# ABOUT THIS EXERCISE:
Within the lines below, the span from the line with "Bequeme Damen Sneaker" to the line with "American Chocolate finish sample", both ends included, is to be reproduced exactly, with pictures omitted.

# DATASET:
--
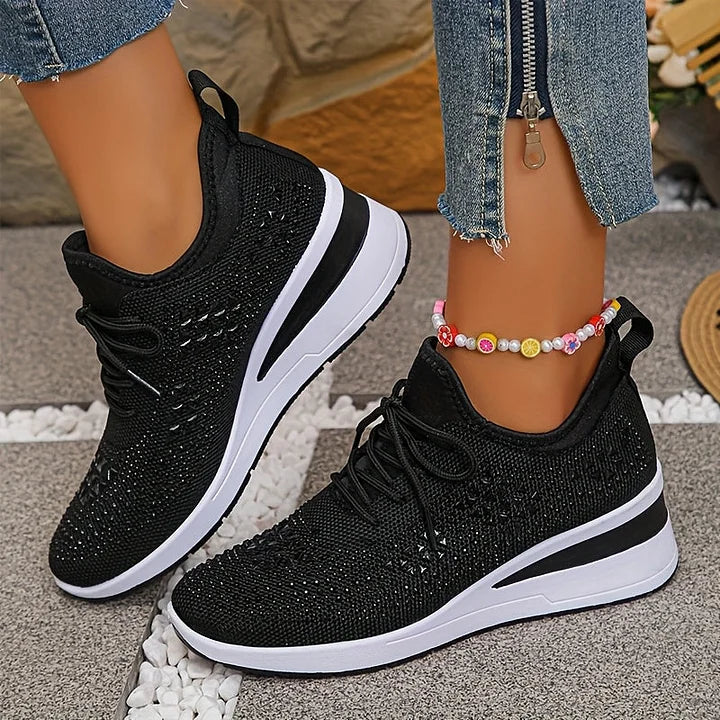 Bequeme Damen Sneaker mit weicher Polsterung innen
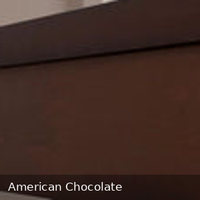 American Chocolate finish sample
--
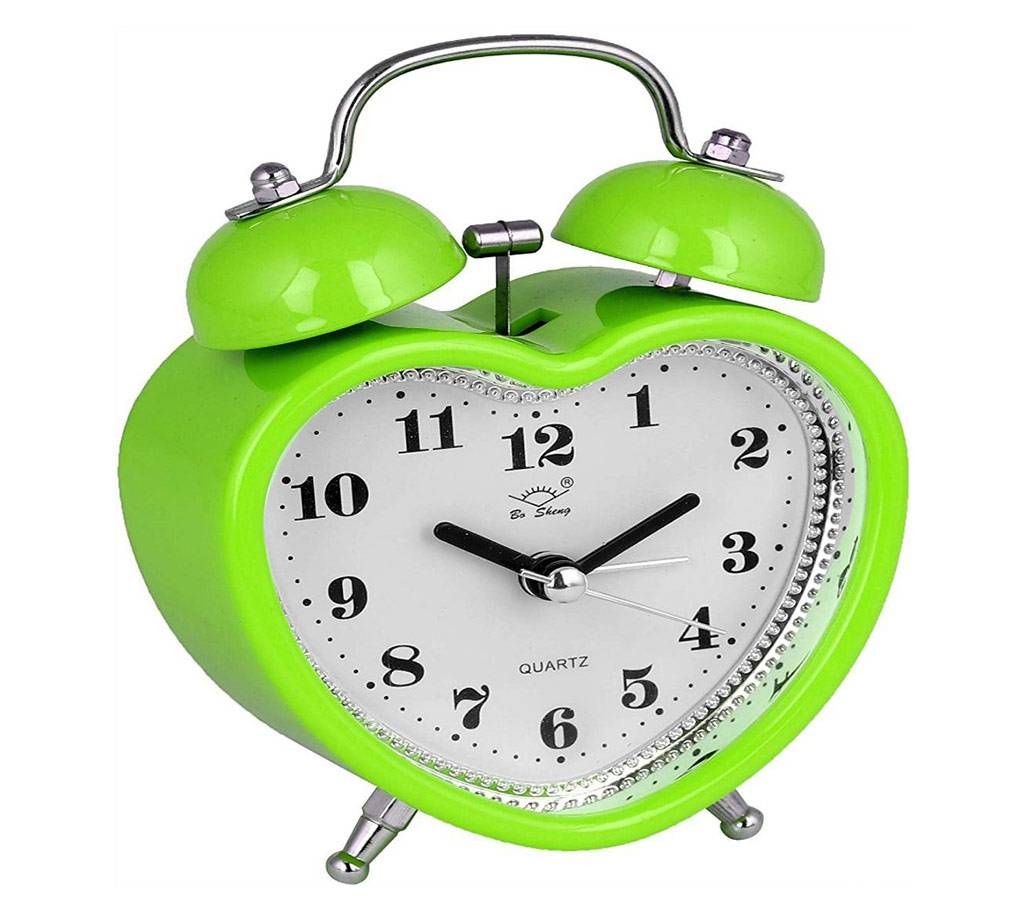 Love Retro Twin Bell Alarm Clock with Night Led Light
--
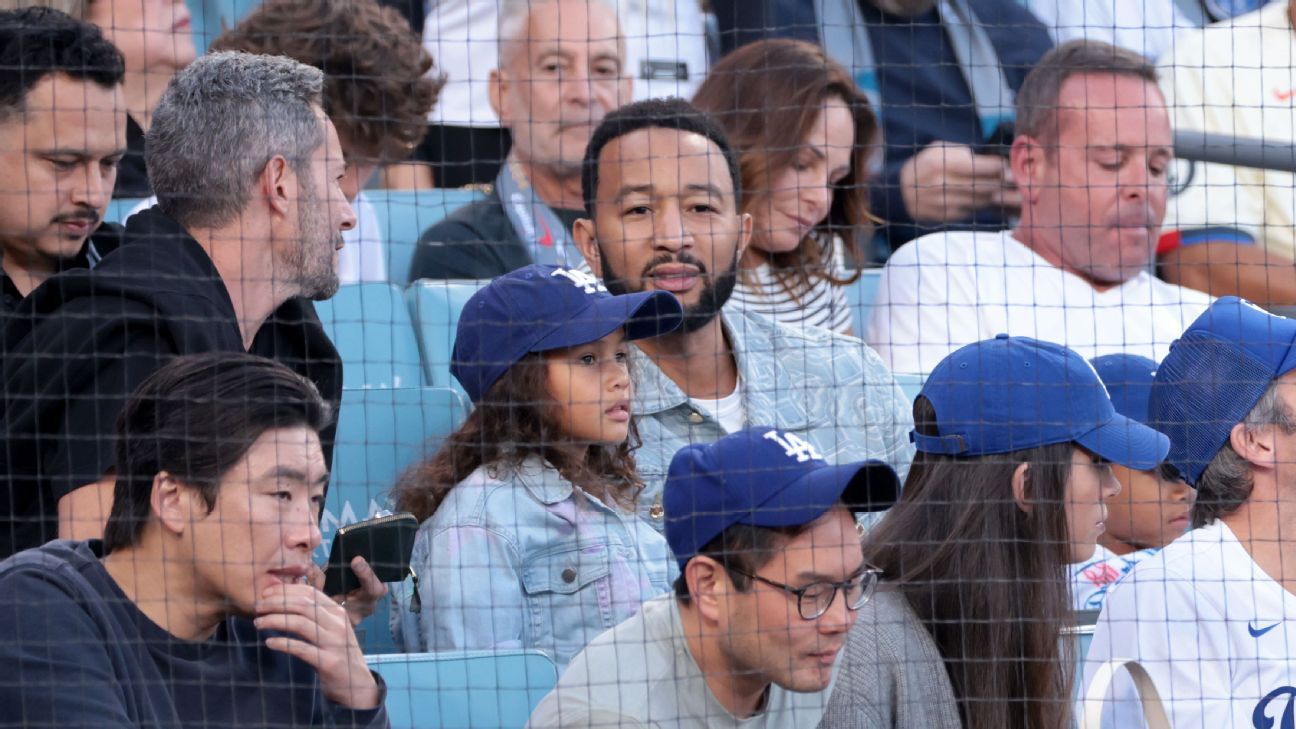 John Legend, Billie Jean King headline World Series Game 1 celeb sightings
--
# SOLUTION FOR THIS PROBLEM:
 Bequeme Damen Sneaker mit weicher Polsterung innen
 American Chocolate finish sample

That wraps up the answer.